To know what you do not want can be just as important as what you do want, and there are some certificates and ratings I know I can rule out. First, I can rule out that I don’t want to try to become an airline transport pilot or work as a company pilot. Second, I’m definitely too old for the military. Third, I don’t need the light sport certificate or recreational certificate since I’m working toward my Private Pilot’s License. Finally, I don’t see myself doing a lot of high altitude flying, but for now I will hold short of saying never.
However, there are other ratings and endorsements that I know for certain I want to undertake – tailwheel and seaplane, for example. Both only require a few hours of instruction and here I can focus on my love for antique or vintage aircraft. Further, there are at least a few possible goals that I’d research thoroughly before summarily tossing out as rubbish. Do I need an instrument rating or a commercial or flight instructor certificate? Finally, other goals go hand-in-hand like multi-engine and complex or even high performance.
I flew my first flight in 22 and a-half years on Monday morning, January 19.
I met my instructor, Tammy, at Greenville Airport in Greenville, IL about 8 a.m. We sat down across from each other and discussed the plan for the day. Temperatures were in the 30s on their way to the 50s for a high. The sky was a gorgeous blue without any clouds. A Midwestern winter is very unpredictable at times, you just never know what you’re going to get, but this was a perfect day to fly.
Tammy had reserved the airplane, a Cessna 150 – N8866S, and arranged to have it fueled the night before then placed in the heated hangar to avoid a need to pre-heat the airplane in the morning.
She guided me through the pre-start checklist as we performed the pre-flight inspection together.

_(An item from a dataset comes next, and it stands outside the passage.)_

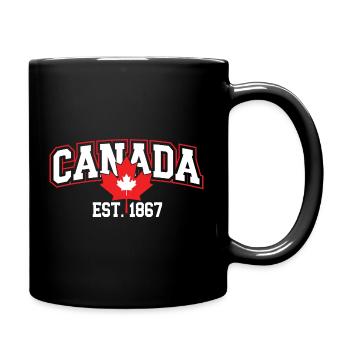 Canada Patriotic Maple Leaf Design - Full Colour Mug - black - Right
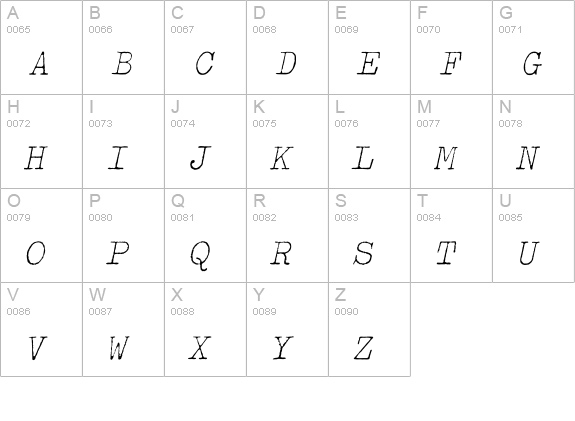 Typewriter-ExtraLightOblique uppercase A-Z preview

As we walked around checking the condition of this nearly 50 year old rental plane, I used a checklist created specifically for the aircraft – a good idea for any bird rather than using the basic one located in the owner’s manual.
Next, we lifted the hangar door. The cold January air rushed into the heated hangar. After a check of clearances around the aircraft we pulled the plane out onto the asphalt between the rows of hangars careful to position it with enough space to start and taxi easily.
We both climbed in the plane, closed the doors and opened the windows. Seated side by side, we adjusted our seats and fastened our seat belts. Be assured – this is not an easy process in a two seater. Tammy had to help me with my seatbelt as I wasn’t accustomed to using a five-point harness. Once we were safely fastened in it was time for headsets. We mic checked the levels so we could clearly hear each other. Finally, we were ready to begin the fun part of the lesson.